▶ _YOUR GOAL_: Copy the lines below exactly, starting at the one with "380 mm long" and ending at the one with "Moulinex - BlendForce", and leave out any picture.

▶ _SUPPLIED DATA_:
=== Begin Enclosure ===
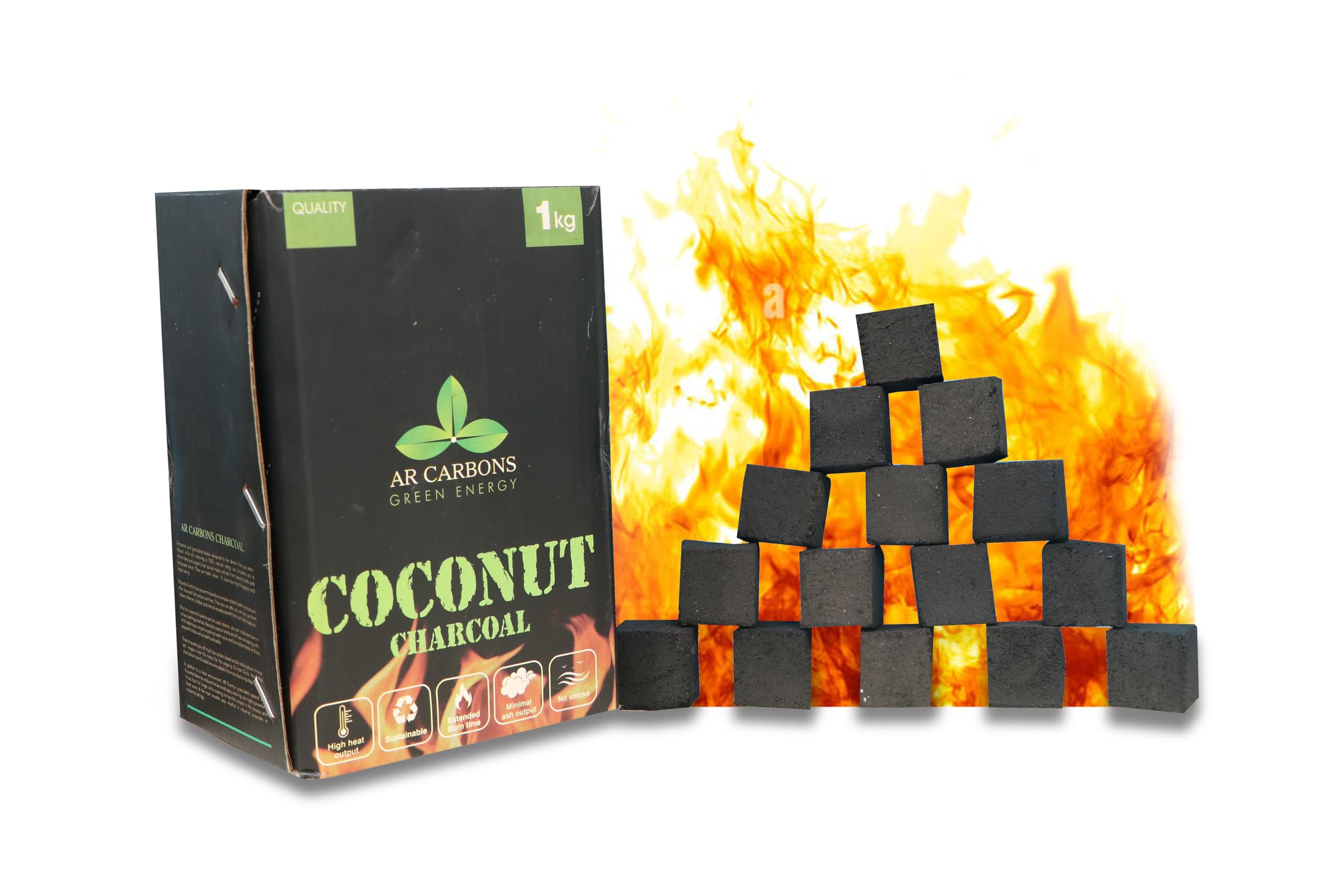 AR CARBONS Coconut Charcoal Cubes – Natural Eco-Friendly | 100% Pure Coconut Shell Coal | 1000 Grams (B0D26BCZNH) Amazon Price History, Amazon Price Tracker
=== End Enclosure ===
=== Begin Enclosure ===
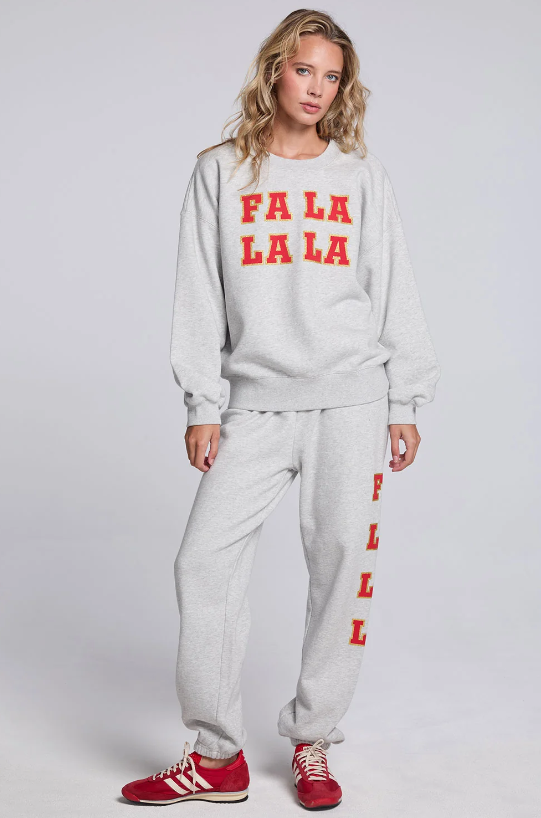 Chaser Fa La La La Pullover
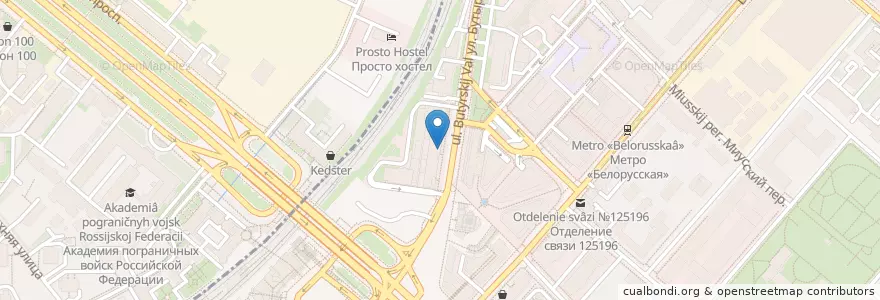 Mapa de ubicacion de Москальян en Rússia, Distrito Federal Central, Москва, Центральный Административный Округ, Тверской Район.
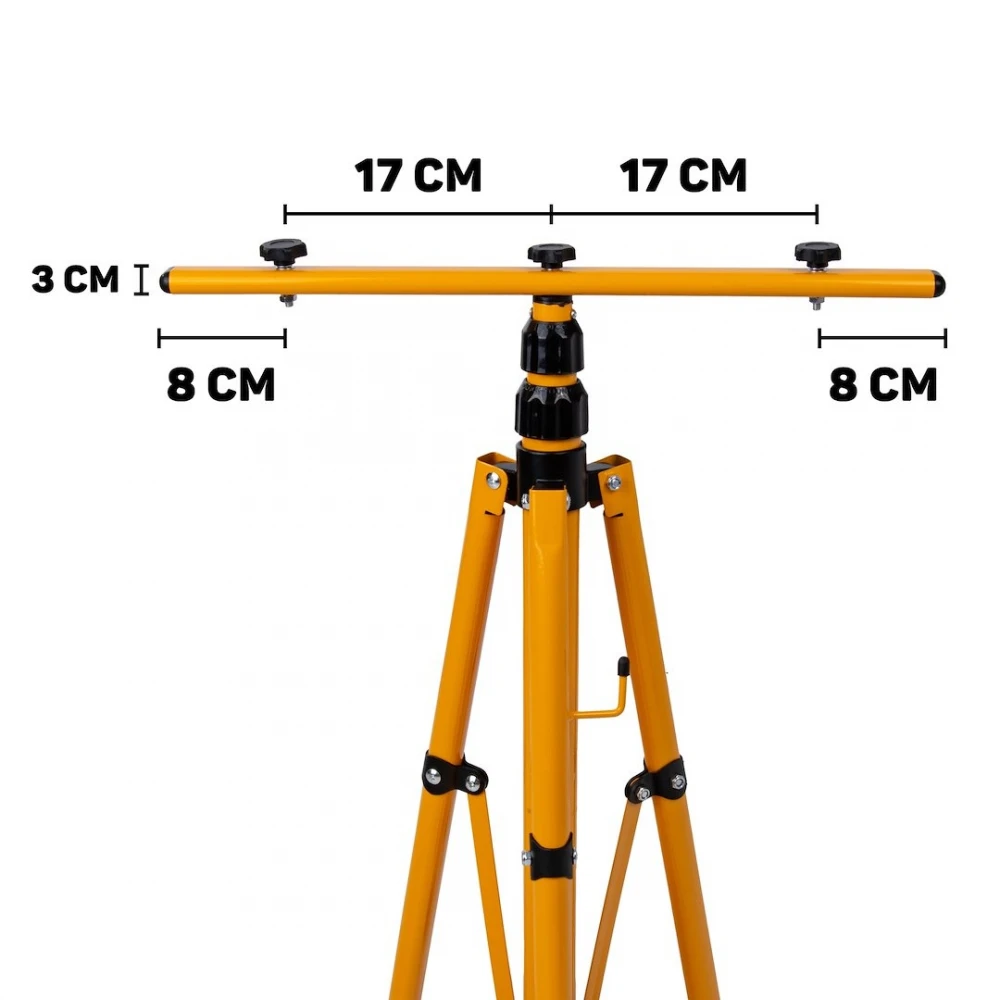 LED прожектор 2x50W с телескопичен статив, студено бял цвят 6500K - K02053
=== End Enclosure ===
=== Begin Enclosure ===
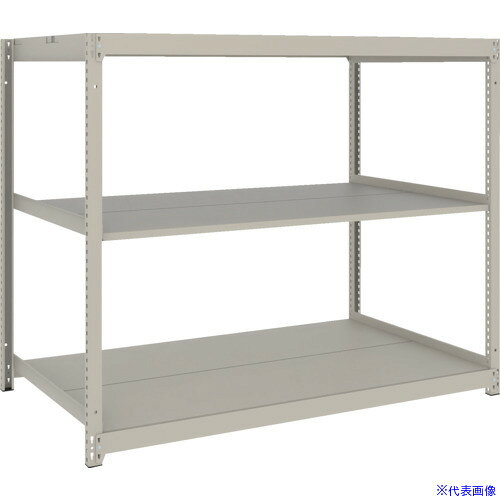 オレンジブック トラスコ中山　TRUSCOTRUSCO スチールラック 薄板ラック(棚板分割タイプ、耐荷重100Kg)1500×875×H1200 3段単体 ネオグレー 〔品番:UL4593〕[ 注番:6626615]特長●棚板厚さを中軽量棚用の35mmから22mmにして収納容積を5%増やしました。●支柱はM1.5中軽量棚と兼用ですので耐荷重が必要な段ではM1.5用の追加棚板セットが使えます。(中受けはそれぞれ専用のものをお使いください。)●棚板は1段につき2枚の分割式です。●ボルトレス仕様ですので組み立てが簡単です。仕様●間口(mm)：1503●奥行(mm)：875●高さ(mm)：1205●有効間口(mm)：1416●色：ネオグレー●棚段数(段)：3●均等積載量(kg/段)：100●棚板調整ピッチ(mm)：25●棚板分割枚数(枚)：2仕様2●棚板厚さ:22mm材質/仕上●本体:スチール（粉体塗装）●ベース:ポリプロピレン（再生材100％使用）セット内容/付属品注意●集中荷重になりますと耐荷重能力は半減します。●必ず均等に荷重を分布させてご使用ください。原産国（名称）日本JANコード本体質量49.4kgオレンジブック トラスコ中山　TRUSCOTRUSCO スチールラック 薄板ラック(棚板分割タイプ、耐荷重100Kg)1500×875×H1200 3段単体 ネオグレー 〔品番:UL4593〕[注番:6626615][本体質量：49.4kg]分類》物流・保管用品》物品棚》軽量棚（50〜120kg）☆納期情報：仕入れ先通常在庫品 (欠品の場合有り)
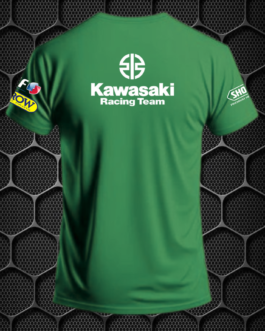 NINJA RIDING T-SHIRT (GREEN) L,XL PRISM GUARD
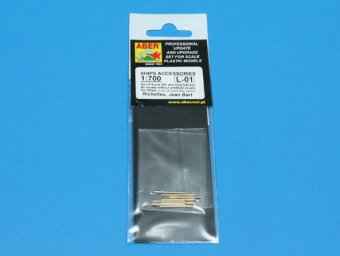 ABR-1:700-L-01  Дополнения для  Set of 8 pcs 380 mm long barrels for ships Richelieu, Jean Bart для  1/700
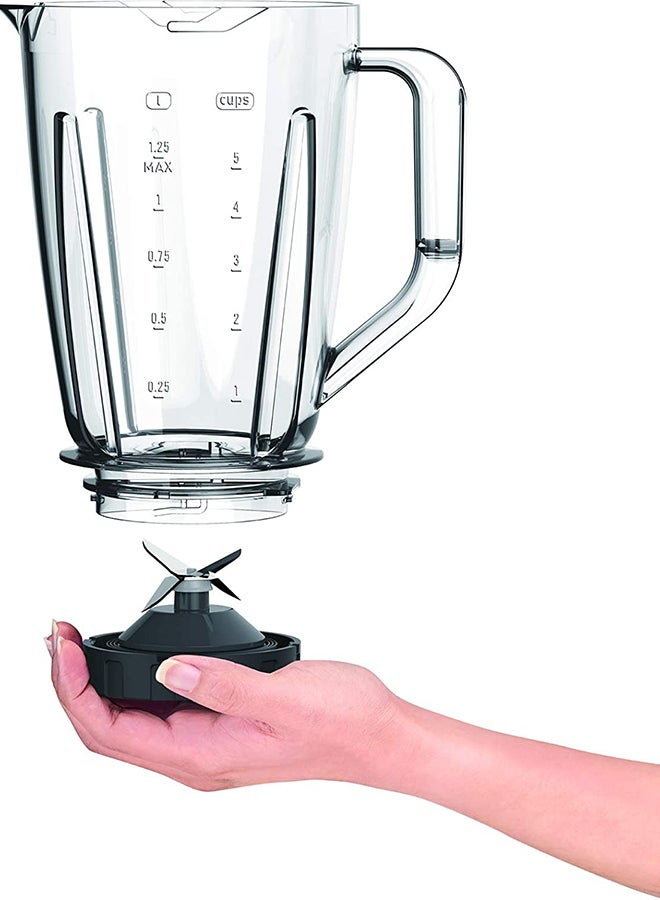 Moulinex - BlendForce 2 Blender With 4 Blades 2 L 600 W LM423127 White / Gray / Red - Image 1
=== End Enclosure ===
▶ _ANSWER TO THIS PROBLEM_:
 ABR-1:700-L-01  Дополнения для  Set of 8 pcs 380 mm long barrels for ships Richelieu, Jean Bart для  1/700
 Moulinex - BlendForce 2 Blender With 4 Blades 2 L 600 W LM423127 White / Gray / Red - Image 1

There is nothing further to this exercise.